PROBLEM REQUIREMENTS -> Repeat verbatim each line from the line with "Geräumige 5-Zimmer-Wohnung mit" to the end of the entries. Pictures do not belong in the copy.

PROVIDED MATERIAL ->
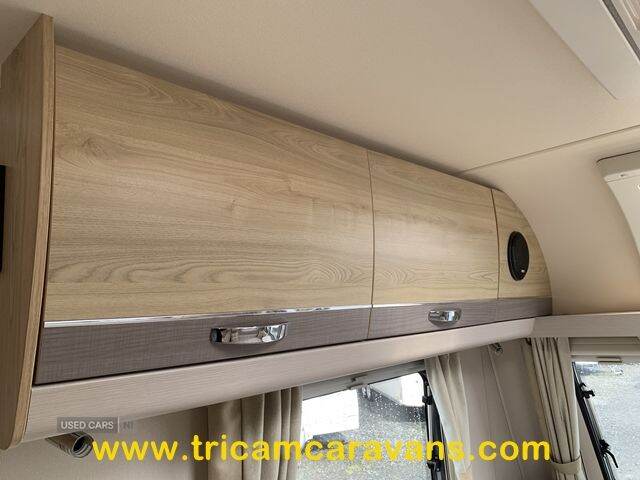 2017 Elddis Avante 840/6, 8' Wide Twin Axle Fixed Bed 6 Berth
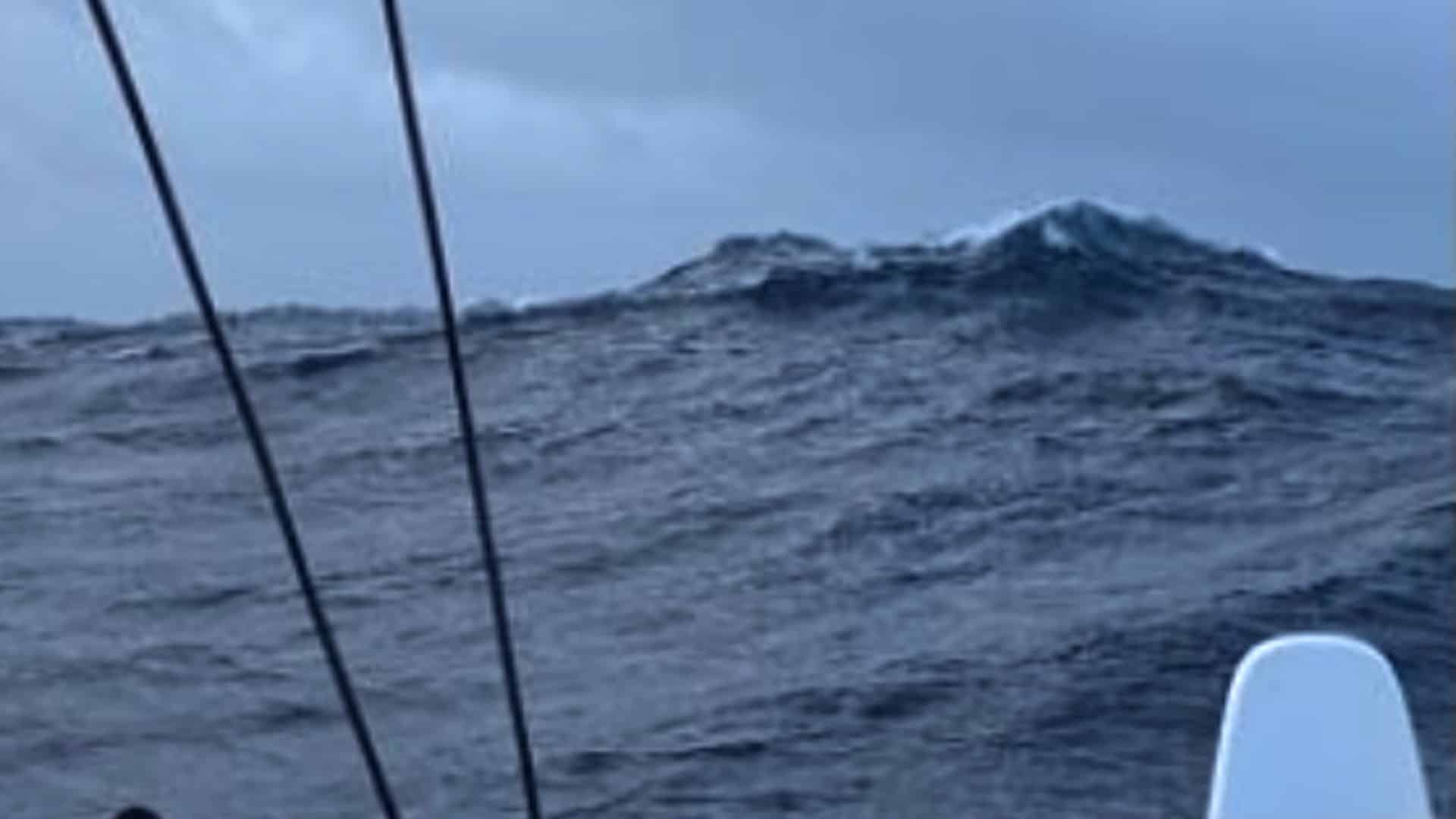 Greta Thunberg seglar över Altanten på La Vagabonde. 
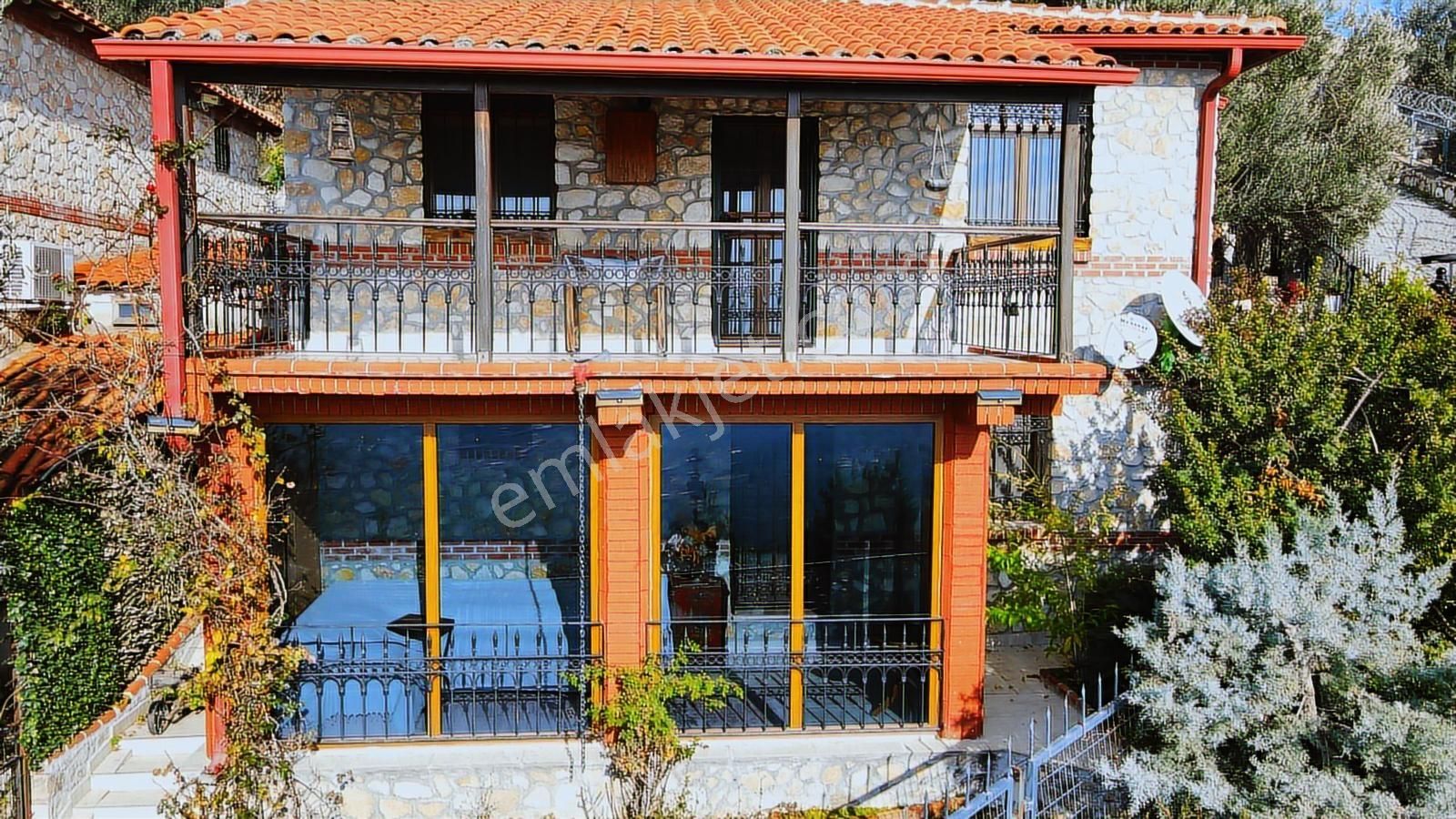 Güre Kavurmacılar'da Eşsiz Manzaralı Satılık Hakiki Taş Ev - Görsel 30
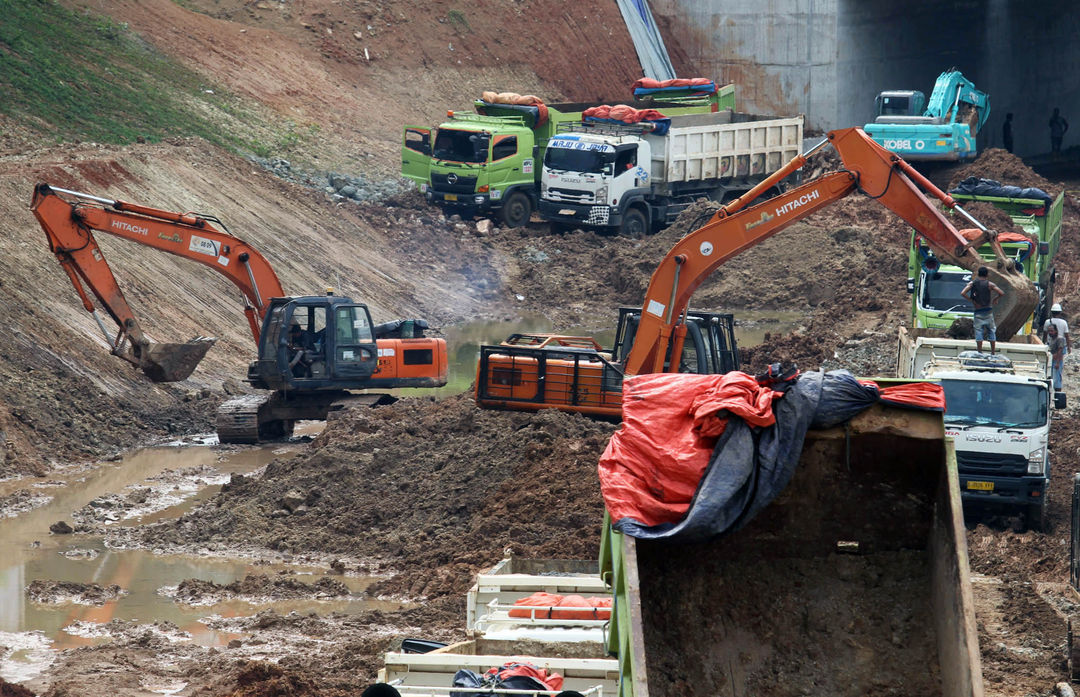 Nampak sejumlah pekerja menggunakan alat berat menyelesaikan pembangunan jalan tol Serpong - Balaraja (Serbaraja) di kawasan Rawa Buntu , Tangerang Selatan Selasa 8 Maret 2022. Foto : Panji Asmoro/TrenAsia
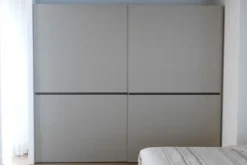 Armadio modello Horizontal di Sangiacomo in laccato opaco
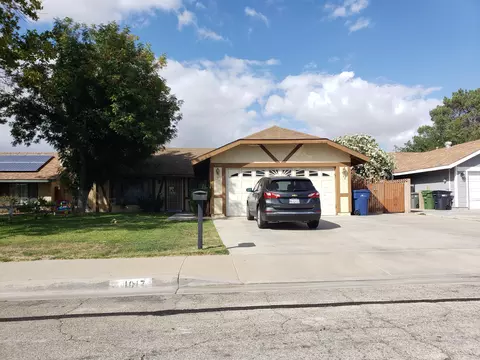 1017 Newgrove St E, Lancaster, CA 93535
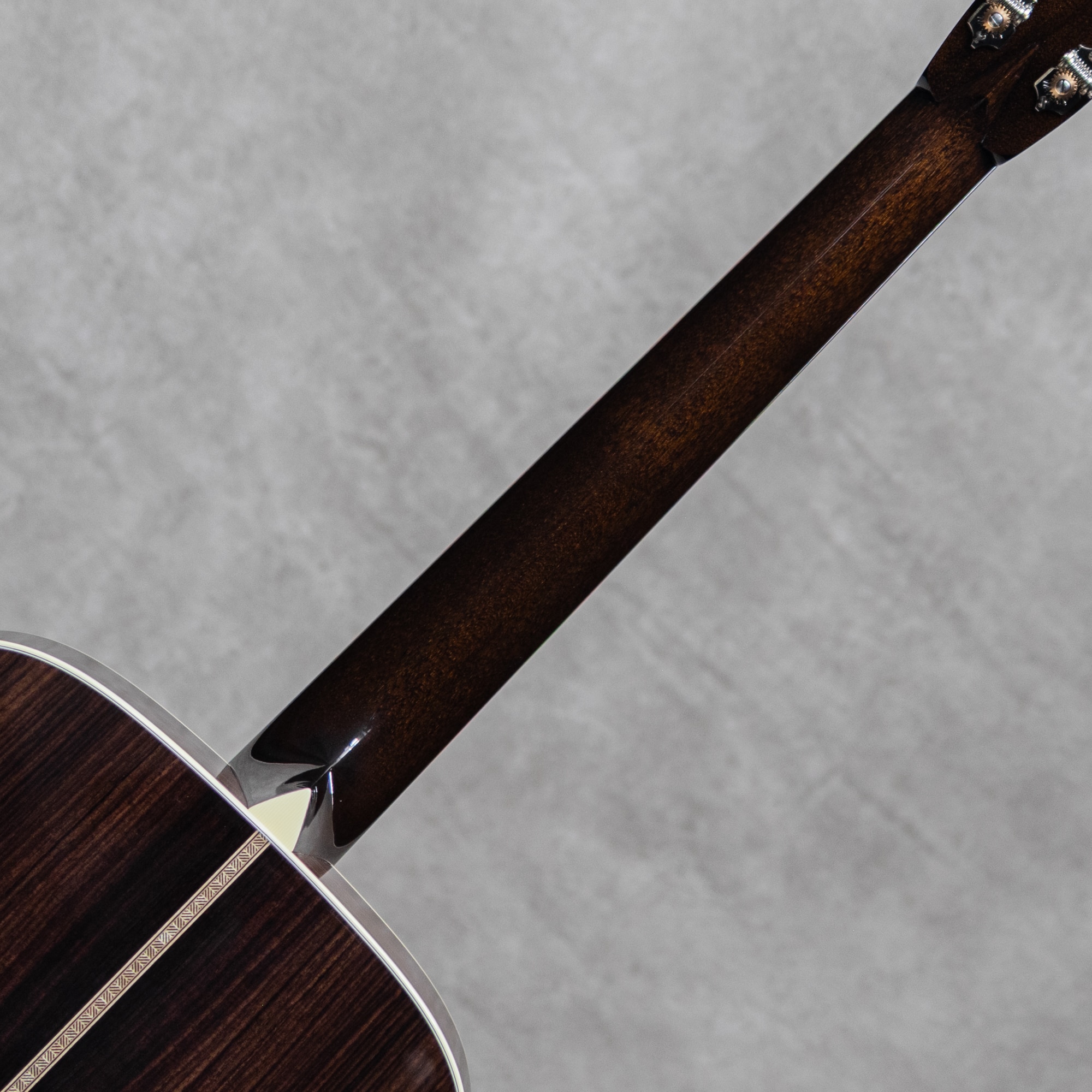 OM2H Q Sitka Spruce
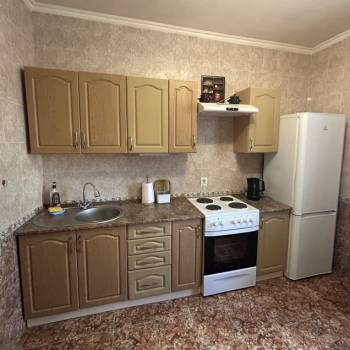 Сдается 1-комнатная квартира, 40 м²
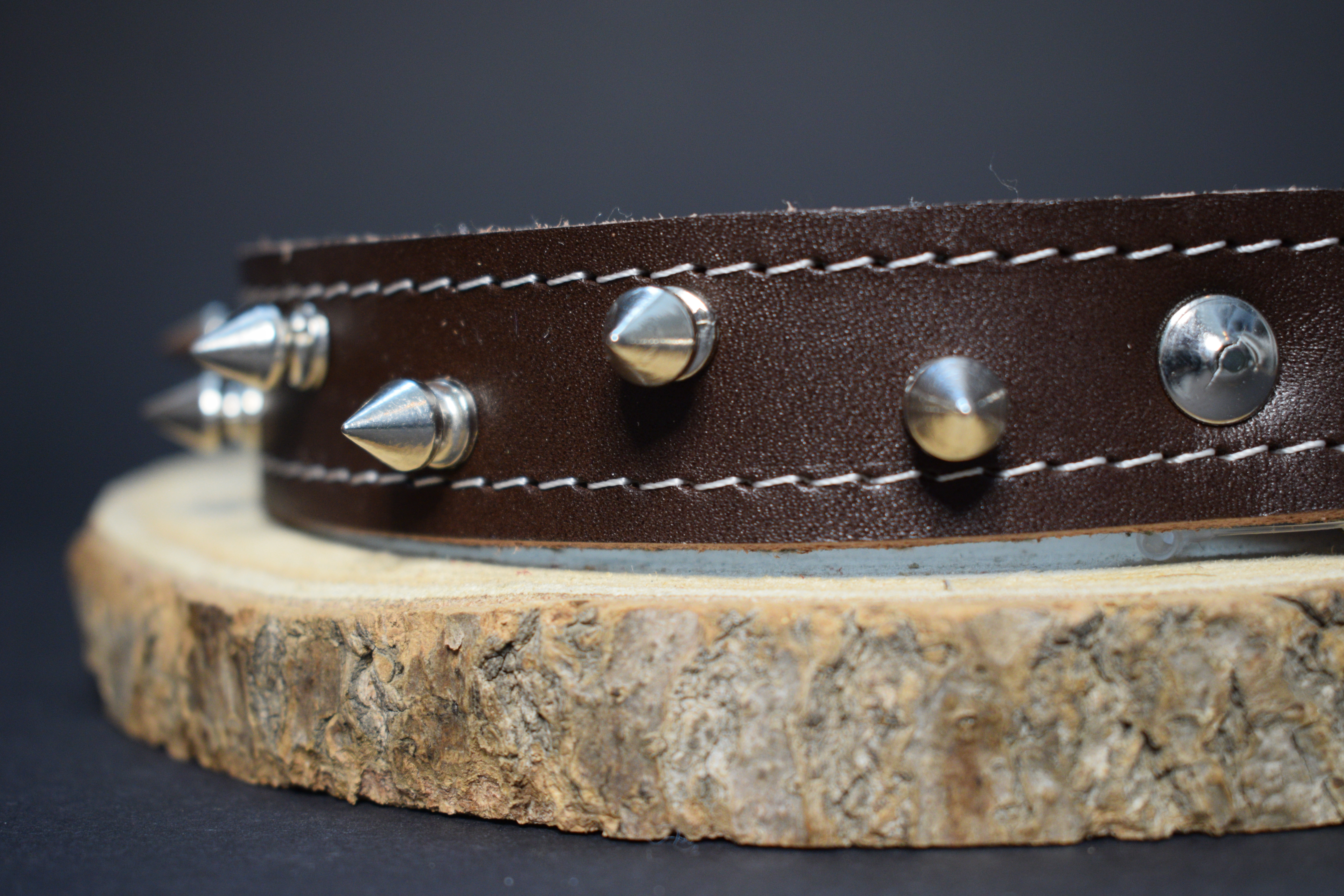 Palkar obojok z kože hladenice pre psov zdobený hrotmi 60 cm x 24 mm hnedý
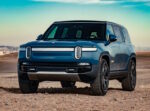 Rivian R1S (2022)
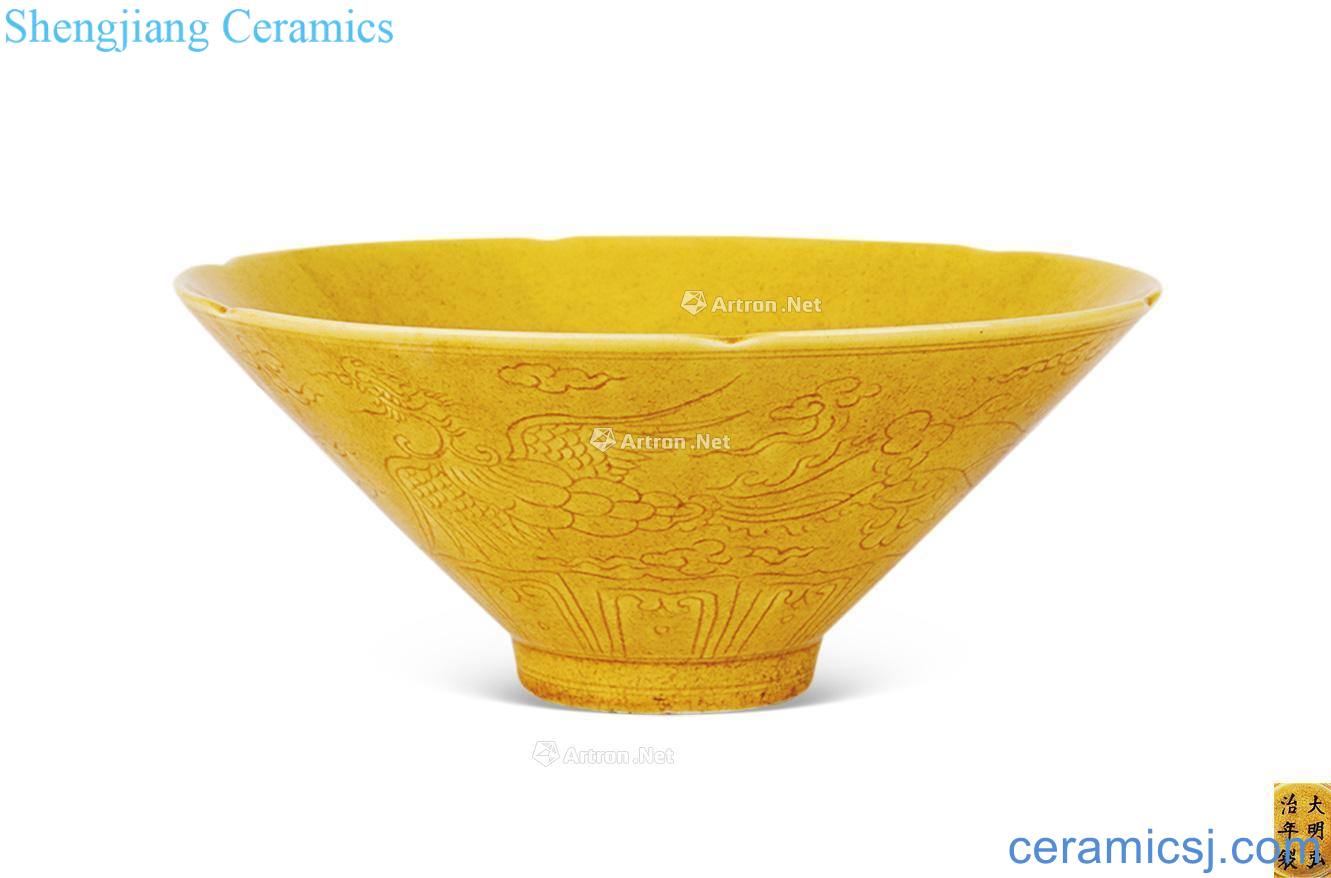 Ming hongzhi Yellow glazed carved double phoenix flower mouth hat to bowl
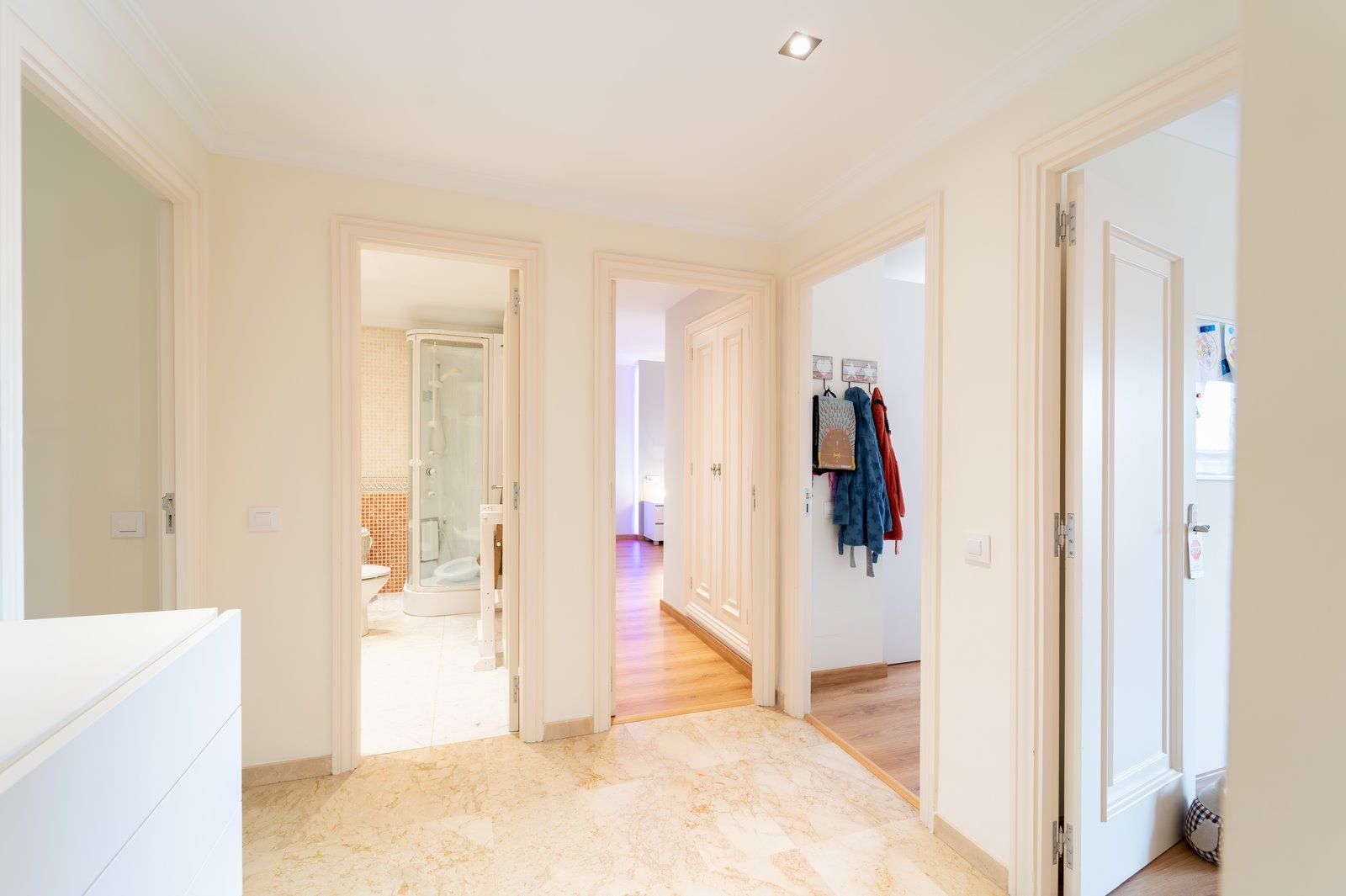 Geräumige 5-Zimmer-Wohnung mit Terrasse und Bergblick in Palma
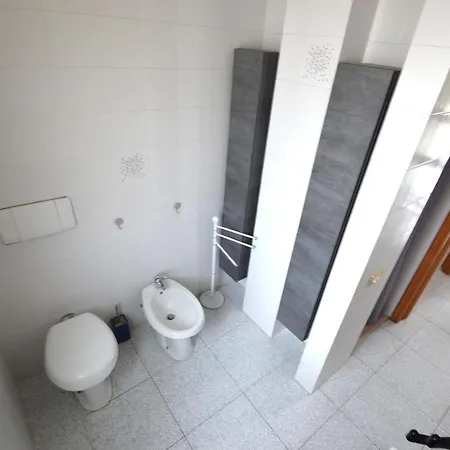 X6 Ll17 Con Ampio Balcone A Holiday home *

TASK ANSWER ->
 Geräumige 5-Zimmer-Wohnung mit Terrasse und Bergblick in Palma
 X6 Ll17 Con Ampio Balcone A Holiday home *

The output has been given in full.